Required work -> Return each line in the records below that includes "South".

Exercise material ->
'''
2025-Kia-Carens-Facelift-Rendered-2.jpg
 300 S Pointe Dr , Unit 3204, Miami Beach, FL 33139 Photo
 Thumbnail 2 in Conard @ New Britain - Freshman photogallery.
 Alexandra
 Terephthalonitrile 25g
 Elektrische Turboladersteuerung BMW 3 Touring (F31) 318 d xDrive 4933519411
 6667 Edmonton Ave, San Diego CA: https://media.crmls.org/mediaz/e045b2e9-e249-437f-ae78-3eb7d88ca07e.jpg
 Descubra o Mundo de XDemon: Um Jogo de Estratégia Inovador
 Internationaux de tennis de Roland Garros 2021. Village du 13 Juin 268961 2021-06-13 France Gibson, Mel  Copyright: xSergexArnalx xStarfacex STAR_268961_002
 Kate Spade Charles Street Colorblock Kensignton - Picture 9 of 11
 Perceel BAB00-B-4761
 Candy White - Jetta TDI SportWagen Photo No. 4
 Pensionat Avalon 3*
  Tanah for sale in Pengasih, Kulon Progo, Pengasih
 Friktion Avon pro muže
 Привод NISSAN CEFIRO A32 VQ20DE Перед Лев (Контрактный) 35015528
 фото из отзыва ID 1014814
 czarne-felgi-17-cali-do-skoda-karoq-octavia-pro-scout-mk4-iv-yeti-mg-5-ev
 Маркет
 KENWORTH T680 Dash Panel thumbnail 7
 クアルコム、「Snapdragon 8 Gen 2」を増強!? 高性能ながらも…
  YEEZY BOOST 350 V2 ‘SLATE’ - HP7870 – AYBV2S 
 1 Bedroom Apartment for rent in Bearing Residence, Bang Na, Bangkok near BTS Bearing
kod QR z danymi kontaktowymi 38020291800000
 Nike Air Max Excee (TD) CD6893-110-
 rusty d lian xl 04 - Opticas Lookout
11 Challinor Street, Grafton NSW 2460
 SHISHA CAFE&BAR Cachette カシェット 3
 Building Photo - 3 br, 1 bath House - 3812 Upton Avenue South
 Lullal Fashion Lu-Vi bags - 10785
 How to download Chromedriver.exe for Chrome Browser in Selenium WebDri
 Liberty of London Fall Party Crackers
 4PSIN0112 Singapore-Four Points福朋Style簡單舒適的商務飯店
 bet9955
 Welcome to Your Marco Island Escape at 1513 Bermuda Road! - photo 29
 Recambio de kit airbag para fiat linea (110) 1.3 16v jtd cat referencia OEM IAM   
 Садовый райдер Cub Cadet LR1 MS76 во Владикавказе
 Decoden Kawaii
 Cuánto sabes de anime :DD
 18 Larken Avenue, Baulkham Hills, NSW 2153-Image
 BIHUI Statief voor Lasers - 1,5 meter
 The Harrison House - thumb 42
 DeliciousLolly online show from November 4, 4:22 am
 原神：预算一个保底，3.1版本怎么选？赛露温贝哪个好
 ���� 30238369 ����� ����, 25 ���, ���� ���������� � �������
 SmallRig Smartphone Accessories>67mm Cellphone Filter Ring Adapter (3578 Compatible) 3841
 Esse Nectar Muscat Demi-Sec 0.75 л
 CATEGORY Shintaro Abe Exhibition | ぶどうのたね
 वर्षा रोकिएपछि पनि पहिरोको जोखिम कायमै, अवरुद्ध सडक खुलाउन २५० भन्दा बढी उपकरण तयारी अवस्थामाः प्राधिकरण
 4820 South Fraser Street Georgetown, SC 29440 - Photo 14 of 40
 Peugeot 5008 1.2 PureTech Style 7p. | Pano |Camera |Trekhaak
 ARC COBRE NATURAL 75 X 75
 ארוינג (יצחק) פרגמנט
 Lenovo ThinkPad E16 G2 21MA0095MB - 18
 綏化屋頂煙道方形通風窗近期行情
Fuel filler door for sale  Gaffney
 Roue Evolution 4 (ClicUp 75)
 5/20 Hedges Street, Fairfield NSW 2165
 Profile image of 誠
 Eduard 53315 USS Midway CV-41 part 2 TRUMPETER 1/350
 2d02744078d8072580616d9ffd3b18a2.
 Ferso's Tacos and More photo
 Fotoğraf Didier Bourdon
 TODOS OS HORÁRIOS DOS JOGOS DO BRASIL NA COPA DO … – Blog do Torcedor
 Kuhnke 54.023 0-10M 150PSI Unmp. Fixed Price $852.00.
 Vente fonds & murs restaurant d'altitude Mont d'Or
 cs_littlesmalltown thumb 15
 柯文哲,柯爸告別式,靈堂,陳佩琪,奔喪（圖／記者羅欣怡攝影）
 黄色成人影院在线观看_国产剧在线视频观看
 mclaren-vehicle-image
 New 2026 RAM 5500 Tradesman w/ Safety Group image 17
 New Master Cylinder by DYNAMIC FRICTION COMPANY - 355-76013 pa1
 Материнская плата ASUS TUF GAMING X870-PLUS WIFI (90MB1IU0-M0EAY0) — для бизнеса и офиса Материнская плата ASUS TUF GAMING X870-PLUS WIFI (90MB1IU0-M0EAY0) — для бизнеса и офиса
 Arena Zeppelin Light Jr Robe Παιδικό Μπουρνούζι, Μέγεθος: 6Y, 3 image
'''
Worked solution ->
 Building Photo - 3 br, 1 bath House - 3812 Upton Avenue South
 4820 South Fraser Street Georgetown, SC 29440 - Photo 14 of 40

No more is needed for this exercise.